■ **Task details**:
For the entries below, copy exactly the line that contains "Tee-shirt KS Hypercourt Logo" through the line that contains "Asus ZenBook 14", both ends included, and exclude all pictures.

■ **Information supplied**:
# # # # #

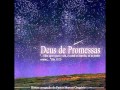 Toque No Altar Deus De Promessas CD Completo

# # # # #

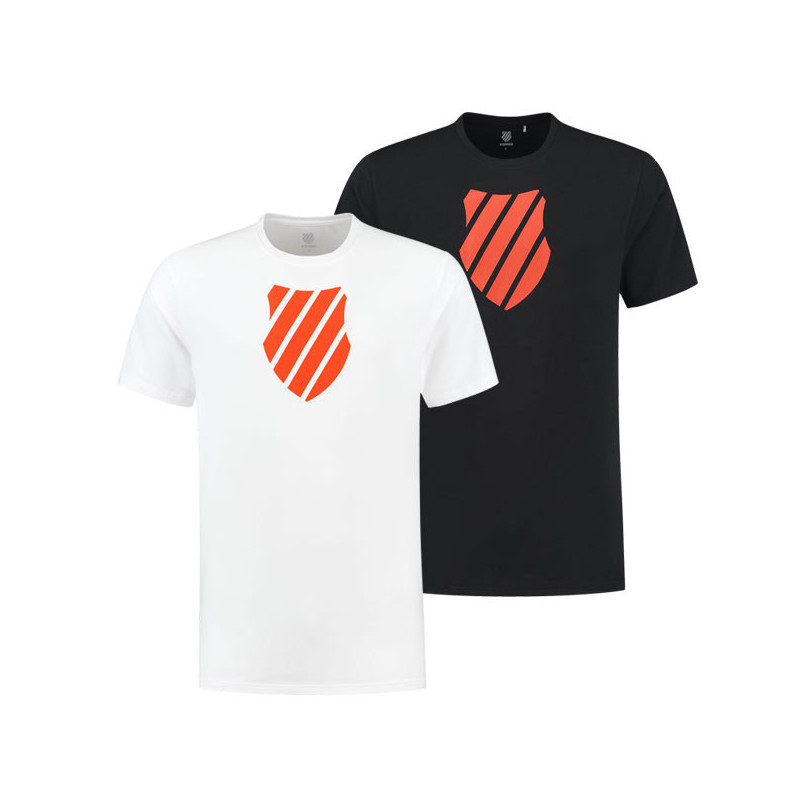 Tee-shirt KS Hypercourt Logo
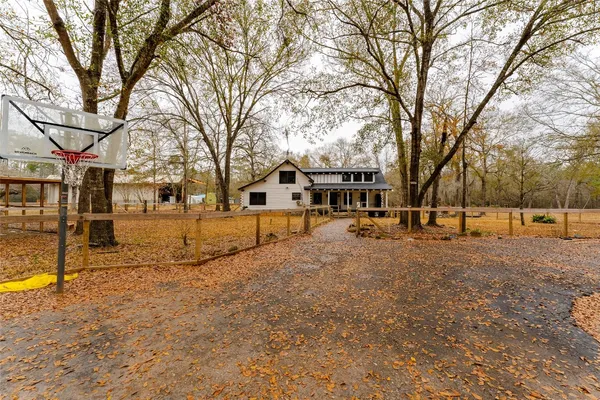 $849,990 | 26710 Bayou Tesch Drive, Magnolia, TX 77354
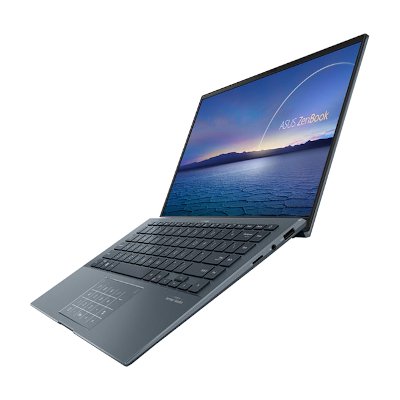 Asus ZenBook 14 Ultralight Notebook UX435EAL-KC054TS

# # # # #

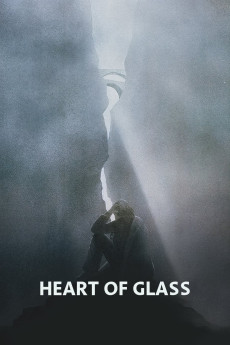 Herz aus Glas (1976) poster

# # # # #

■ **Solution to this task**:
 Tee-shirt KS Hypercourt Logo
 $849,990 | 26710 Bayou Tesch Drive, Magnolia, TX 77354
 Asus ZenBook 14 Ultralight Notebook UX435EAL-KC054TS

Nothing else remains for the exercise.